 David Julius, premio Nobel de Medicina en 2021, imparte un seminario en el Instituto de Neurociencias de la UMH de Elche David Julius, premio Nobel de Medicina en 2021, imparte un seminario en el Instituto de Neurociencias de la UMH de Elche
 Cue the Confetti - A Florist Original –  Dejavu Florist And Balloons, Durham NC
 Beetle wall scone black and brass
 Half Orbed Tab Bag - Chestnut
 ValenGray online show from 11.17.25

==

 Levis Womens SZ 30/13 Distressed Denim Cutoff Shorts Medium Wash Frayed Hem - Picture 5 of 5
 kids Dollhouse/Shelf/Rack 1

---

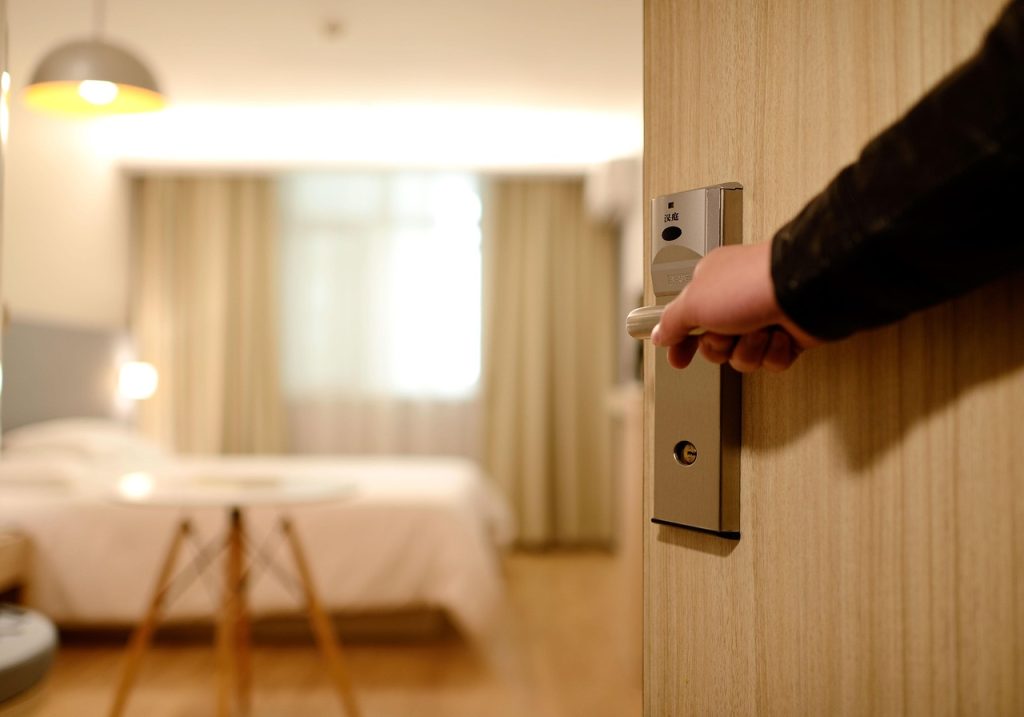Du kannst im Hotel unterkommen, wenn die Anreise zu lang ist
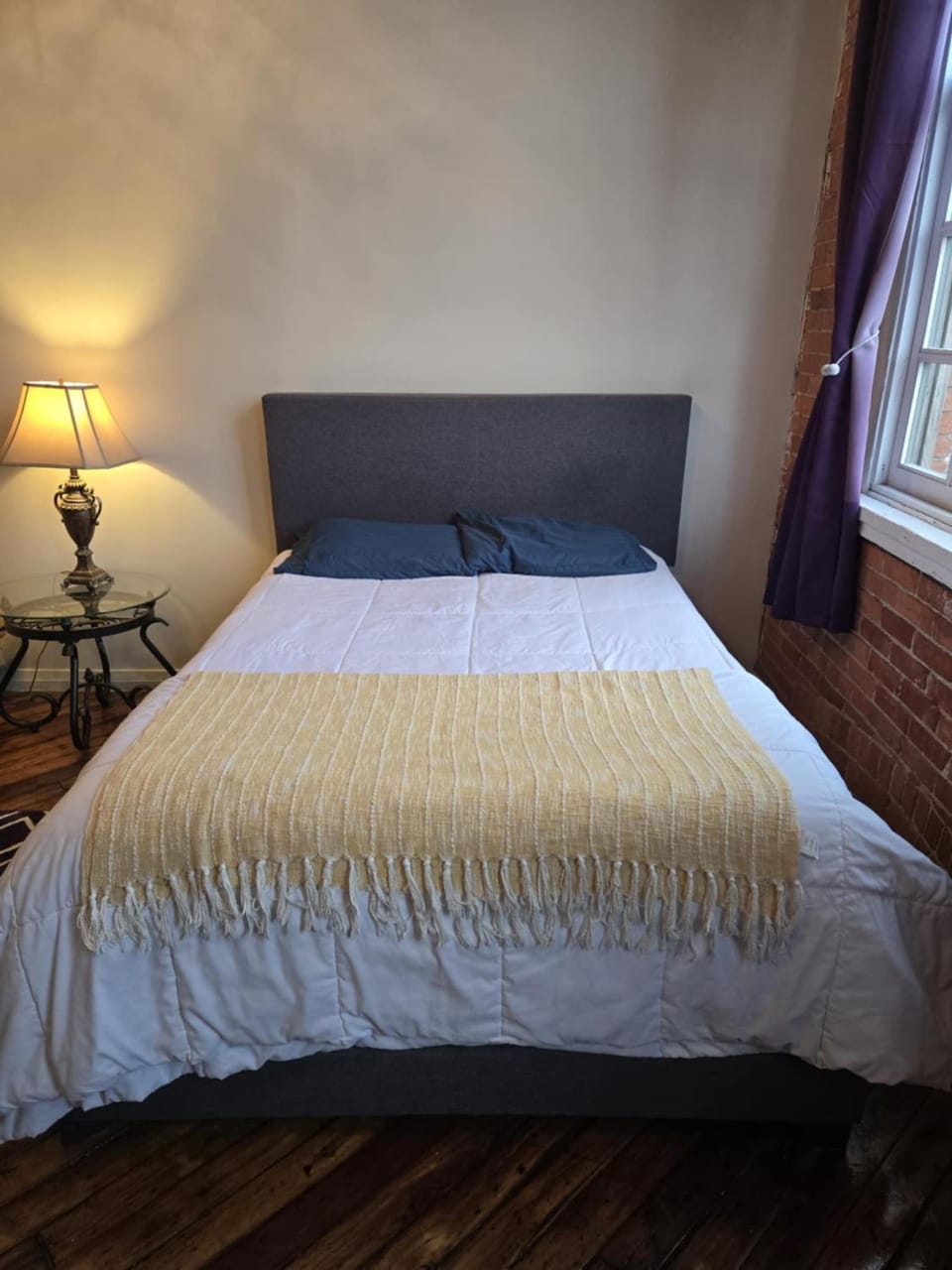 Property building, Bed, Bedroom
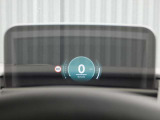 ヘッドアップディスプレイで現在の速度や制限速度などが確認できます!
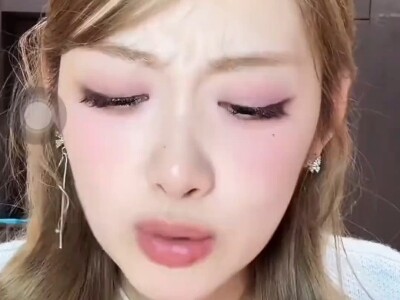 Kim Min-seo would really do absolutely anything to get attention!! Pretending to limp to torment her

Work to be completed: What is needed is an exact copy of only the lines above from the one with "Property building, Bed, Bedroom" to the one with "Kim Min-seo would", both kept, with every picture left out.

Response for this exercise:
 Property building, Bed, Bedroom
 ヘッドアップディスプレイで現在の速度や制限速度などが確認できます!
 Kim Min-seo would really do absolutely anything to get attention!! Pretending to limp to torment her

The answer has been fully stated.